Assume sample_size=100 and that you're trying to measure an effect_size = 0.5. 

In [None]:
alphas = [0.001, 0.01, 0.05, 0.1, 0.2]
powers = []
for alpha in alphas:
    powers.append(get_power(0.5, 100, alpha))

plt.plot(alphas, powers, marker='o', ls='dashed')
plt.xlabel('alphas')
plt.ylabel('power')

> As alpha increases, power increases, all other things remaining the same.

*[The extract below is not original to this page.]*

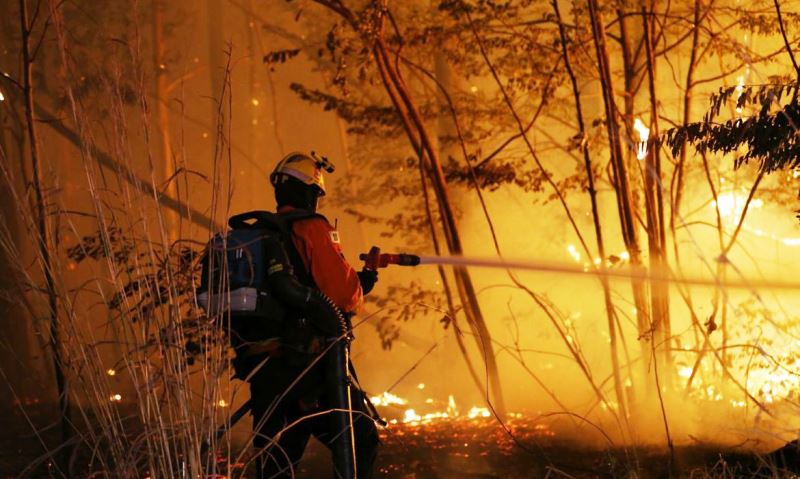 Incêndio atinge área de 163 hectares na Floresta Nacional de Brasília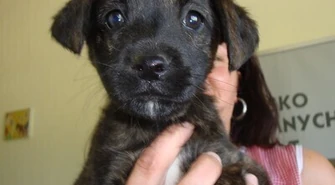 Już w sobotę przygarnij zwierzaka za złotówkę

_INSIGHT:_ If you're willing to accept making more Type I error, you decrease the Type II error of the test (increase the power of the test). 

<details>
    <summary>Q:What's an example of a situation where we want to prioritize Type 11 error over type 1 error?</summary> 
    - Detecting the presence of disease 
</details>

# Summary

* A Type I error is made when the null hypothesis is rejected given it's true. Type I error rate is denoted by $\alpha$ and is equal to the significance level of our test.  
* A Type II error is made when we fail to reject the null hypothesis given it's false. Type II error rate is denoted by $\beta$. 
* Power is the probability of rejecting the null hypothesis given it's false. $\text{power} = 1 - \beta$. 
* The statistical power of a test is determined by $\alpha$, sample size, and the effect size we're trying to measure. 
* Cohen's d is a standardized measure of the difference between two sample means. 
* We use statistical power analysis to determine the power of an already-designed experiment, or alternatively, we use statistical power analysis to determine the sample size we need to measure a given effect size in an experiment, should it exist.